CATWALK: Jamie Himiona models Aroha Tapsell's winning piece, Kalisi.

CATWALK: Jamie Himiona models Aroha Tapsell's winning piece, Kalisi.

ANDREW WARNER

It was a case of it's in the bag for Rotorua's Aroha Tapsell with her winning creation Kalisi - an old flight carry-on bag she transformed into a dress.

The second-year Diploma in Fashion Technology student at Waiariki Institute of Technology won the overall title at When Opposites Collide - the Op Shop to Fashion Show on Friday night.

The Rotorua Community Hospice Trust and Waiariki Institute of Technology established the show in which contestants buy a garment from any Bay of Plenty Hospice shop and alter it into a runway design. Proceeds from ticket sales will be donated to Rotorua Community Hospice.

Miss Tapsell's piece, entitled Kalisi, was made out of a brown vinyl carry-on bag that was made in the 1970s.

She bought the bag, a Qantas label still attached, from the Hospice shop in Rotorua and it took her about 12 hours to turn it into a piece of fashion modelled by a contestant in last year's New Zealand's Next Top Model Jamie Himiona.

Miss Tapsell named her outfit Kalisi after the Queen of the Dragons, a character in a favourite television mini-series Game of Thrones.

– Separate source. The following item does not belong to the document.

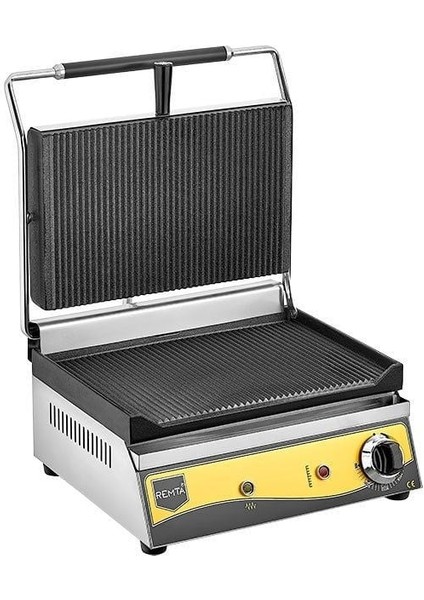 16 Dilim Tost Makinesi Elektrikli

For her efforts she won a $250 voucher from Bossy B, a $250 voucher from Footloose and a sewing machine from Bernina. She also won $5000 towards a year of study towards the Diploma of Fashion Technology but said she wouldn't be able to use it as she had finished the course. She also won the People's Choice Award - a $100 voucher from Rotorua hair salon High Lights.

It has been a busy year for Miss Tapsell, whose work went on show at New Zealand Fashion Week in Auckland and also as part of the Real New Zealand Festival in Wellington.

As for the fate of Kalisi? It will be put on display in the Rotorua Community Hospice shop.

Meanwhile, the trust's funding and development manager Jan Morgan said the event was likely to become an annual one.

She was not sure how much money was raised as it was still being counted. However, she said Bay of Plenty Hospice relied on fundraising and its hospice shop for funding. It cost $500,000 a year to run the hospice.

Mrs Morgan said businesses donated services to the evening, which was held at the Van Dykes building, 1238 Pukuatua St, and use of the venue was free.

"A lot of generous people donated a lot of stuff to help make as much money as they could for hospice which we appreciate."